I sat on a bench and listened as she told me stories of her life. She spoke about the days when she lived in a small village hours away and had to work sunrise to sunset. The work was much more challenging and tiring. She had to walk long distances to buy food and water under the heat of the sun. Marie believes this is why she now has horrible knee pains. Marie cares for her 9 children---3 girls and 6 boys. That alone, is enough to keep anyone's hands more than full. Marie smiled at me as she told me about the time her friends gathered around her in the market, eager to see the newborn baby tied on her back. No one asked her the name of the baby, so she kept that information silent and simply nodded while her friends assumed it was a girl. Marie already had many sons and was ashamed for not giving birth to a daughter who could help her with the housework. Marie began giggling as she said, "Of course, months later they came to visit me and when they looked for my daughter, they did not see her. That's when they realized I had lied." She admitted to having fears about her only daughters one day marrying and leaving all the work on her shoulders. Her husband is very sick and she too is an aging woman with failing health. She continued and told me about the time she went with her friend, who was expecting a baby, to the hospital. The medical system here has endless amounts of problems. The doctors shouted at them, saying there were no beds available, and to go somewhere else. In reality, Marie could see empty beds in the back of the hospital, but they were just too busy or didn't care. Can you see a trend? Lying is somewhat acceptable in this culture. Marie and her friend who was in labor were forced onto the streets; she gave birth to her child there on the footsteps of a hospital. I hear about these type of things happening all the time and I know it's true. However, this had a greater impact on me than ever before. Hearing it come from the mouth of a dear friend, and someone who has experienced it, is completely different.

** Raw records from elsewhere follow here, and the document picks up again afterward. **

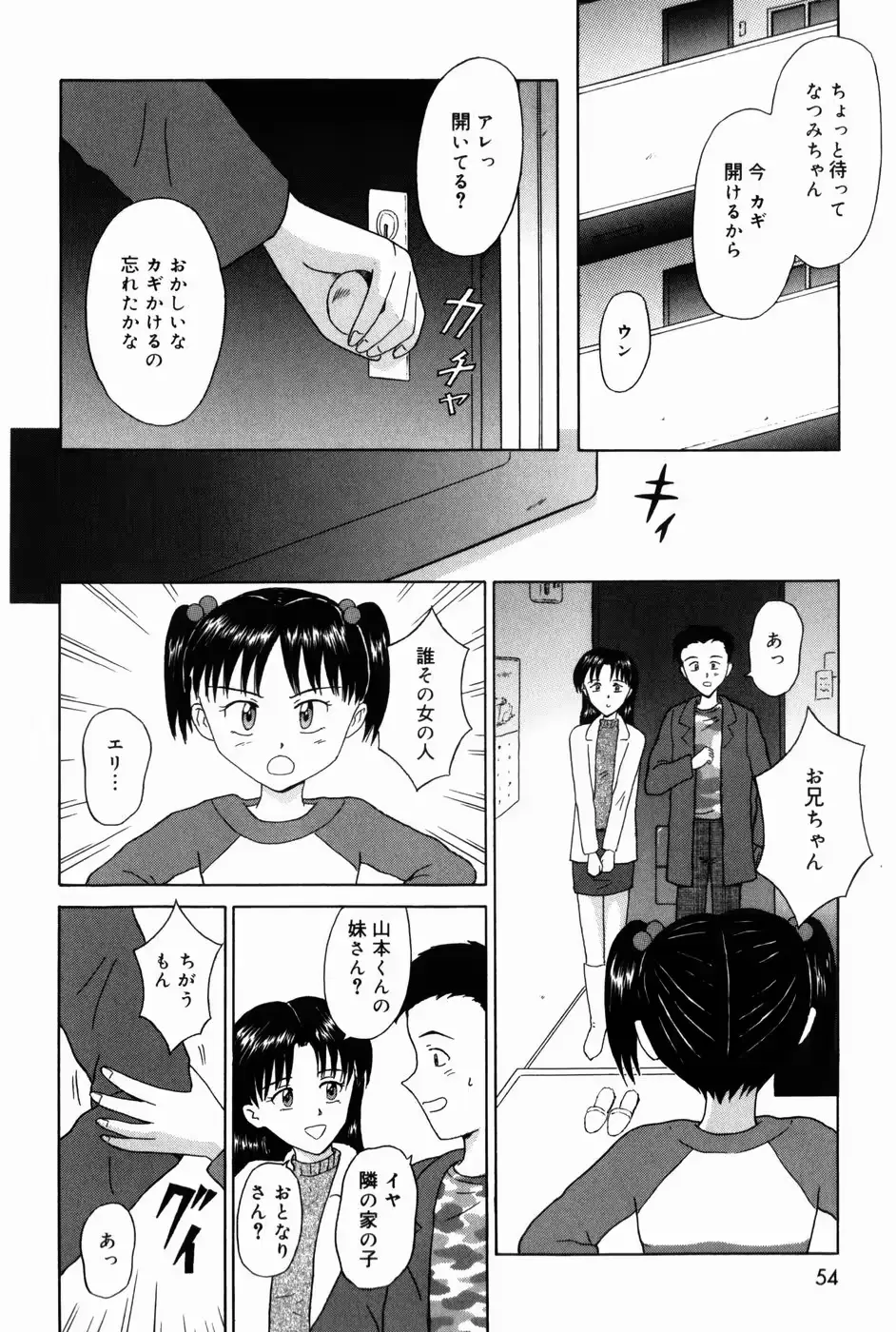웹툰 이미지 55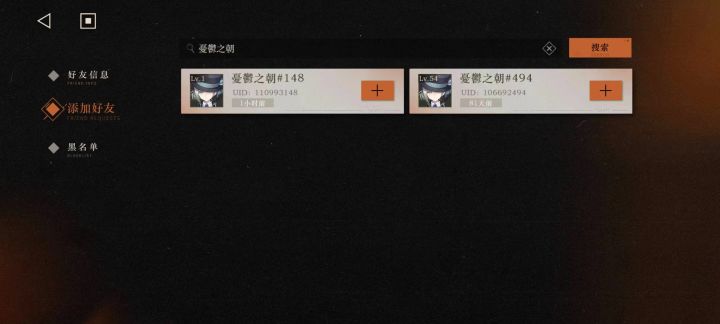 求好心的朋友帮忙找回账号截图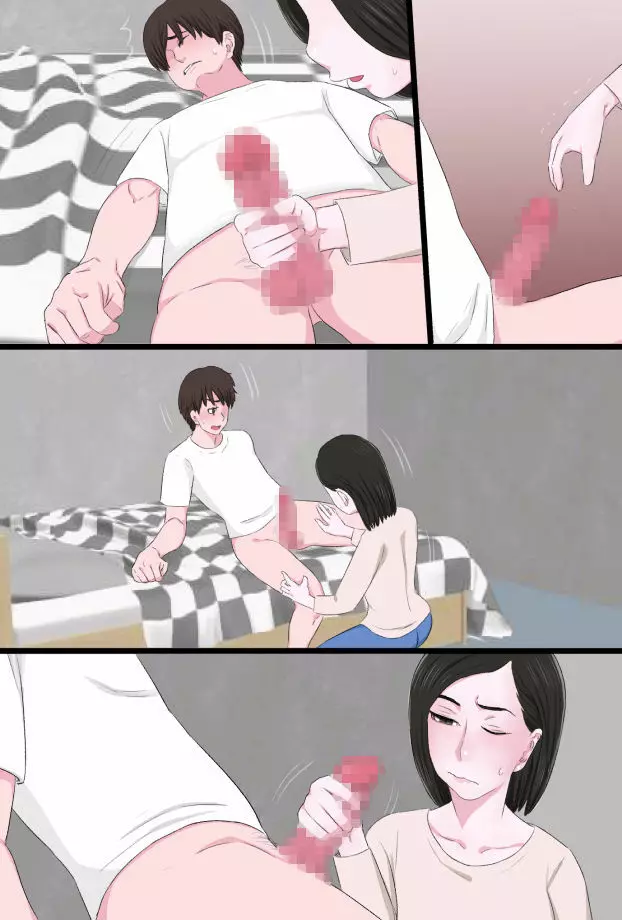 清純で優しいお母さんは好きですか? Page.40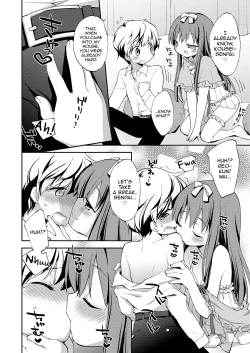 Page 4 of Boku no Sono e Youkoso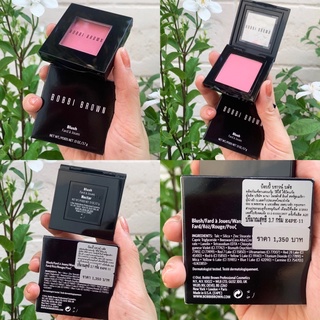 Bobbi Brown Blush 3.7g. #11 Nectar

Senegalese culture is very friendly, but only on the surface. It takes a long time to become close friends and move past the formal greetings. For Marie to open up and share not only these stories, but her emotions behind them as well, is a big deal. I'm hoping to hear more! Today, I felt like my friendships were really growing.

Praises & Prayer Requests

  • The presidential elections have now ended and proceeded through round two in PEACE
  • Shout out to the Sparks AWANA group who raised enough money to go towards giving 172 talibe boys Tetnus and Hep B vaccines. Pictures to come soon 
  • An entire household heard the Good News today. Another seed planted.
  • God has been giving me direct answers to prayer concerning my future plans
  • On April 4th, I will be traveling to Sierra Leone to help with a medical mission team from the States. I will spend 10 days in the country. Please pray for safe travels and health for me and also the team coming from the States. Pray for God's love to be shared at every opportunity.

Wednesday, March 21, 2012

Friendships and A Place Called Teen Bi

"AMINATA now na.....Aminata now na!!"

The lively chant I heard right before being trampled in the middle of the streets. About 15 children came running full speed towards me, jumping into my arms, and nearly knocking me off balance. They continued to tug on my arms and shout, "Hayden she came.....Hayden she came!!" Seeing their excitement over such a simple thing made me laugh right along with them. Everyone in the neighborhood was watching me. A man walked past me and said, "I see you have lots of friends." I greeted him and said yes, thinking to myself I truly do. 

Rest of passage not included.